ABSTRACT
The law on the books has recognized the right of cohabitants to create enforceable legal obligations with each other for half a century. Yet few seek to enforce such obligations, and their attempts almost never prevail. This article explores one possible explanation for the invisibility of their claims. Marriage is so deeply rooted in our societal consciousness that it embodies what sociologist Pierre Bourdieu has called a habitus, a ‘subjective but not individual system of internalized structures, schemes of perception, conception, and action common to all members of the same group or class’. A habitus takes the form of things to do or not to do, to say or not to say, determining what conduct is reasonable or unreasonable.

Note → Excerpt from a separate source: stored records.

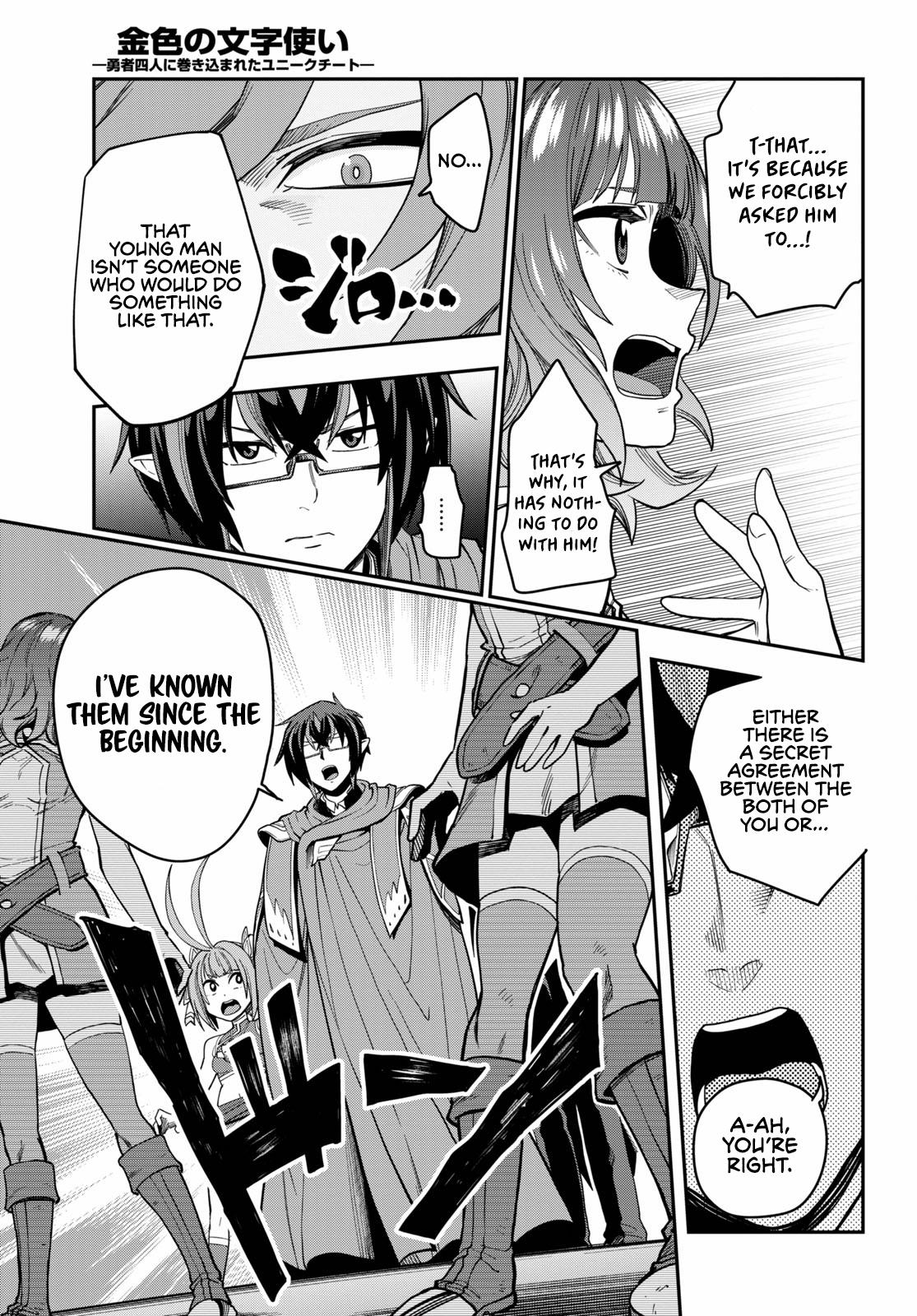 Konjiki no Word Master Chap 72 - Next Chap 73
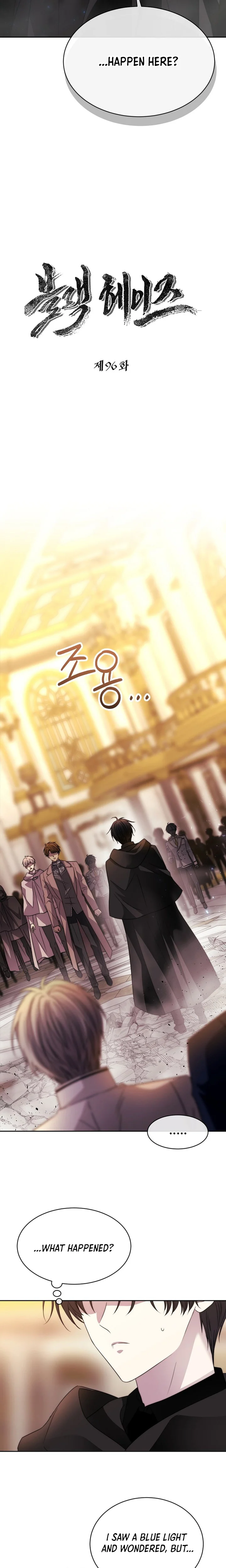 Black Haze (2025) Chapter 96 Page 5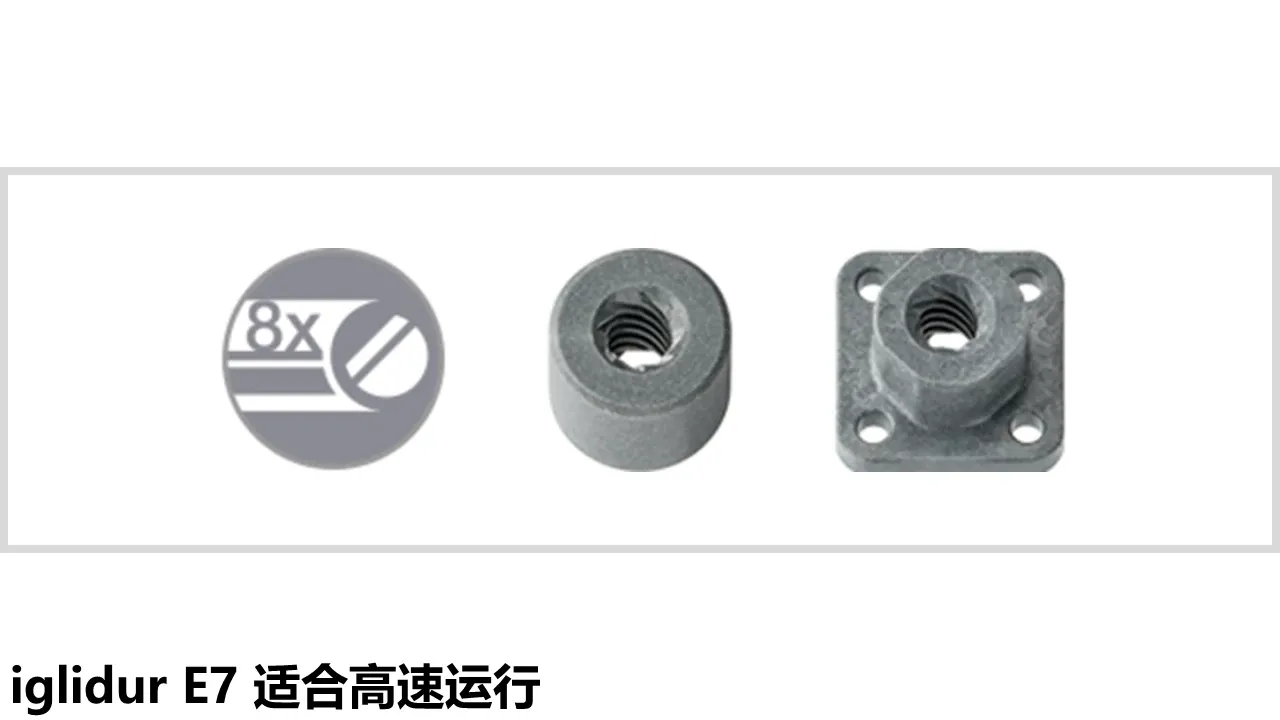 DRS_SCR_dryspin_medical_CN_6_cfe7303f32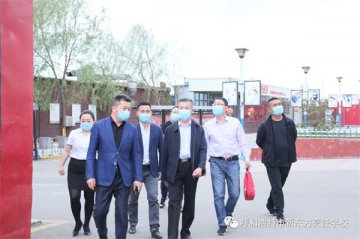 【重磅新闻】土左旗疾控中心主任辛利国等一行领导莅临呼和浩特新东方烹饪学校对复工复学疫情防控管理工作进
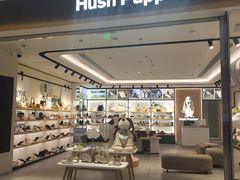 -鑫嘉汇购物中心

The marital habitus is the framework through which people structure their personal relationships and comprehend all adult intimacy. It explains why courts that expressly embrace the right of intimate partners to create legal relations cannot see those relations when they are asked to recognize them. This article gathers evidence of the habitus at work in parties’ legal arguments and in scholarly proposals to recognize nonmarital relationships. It then concludes by asking what, if anything, can be done to recognize valuable adult relationships beyond marriage.
Matsumura, Kaiponanea T, The Marital Habitus (August 12, 2022), Washington University Law Review, volume 99, no 6, 2022; Loyola Law School, Los Angeles Legal Studies Research Paper No 2022-12.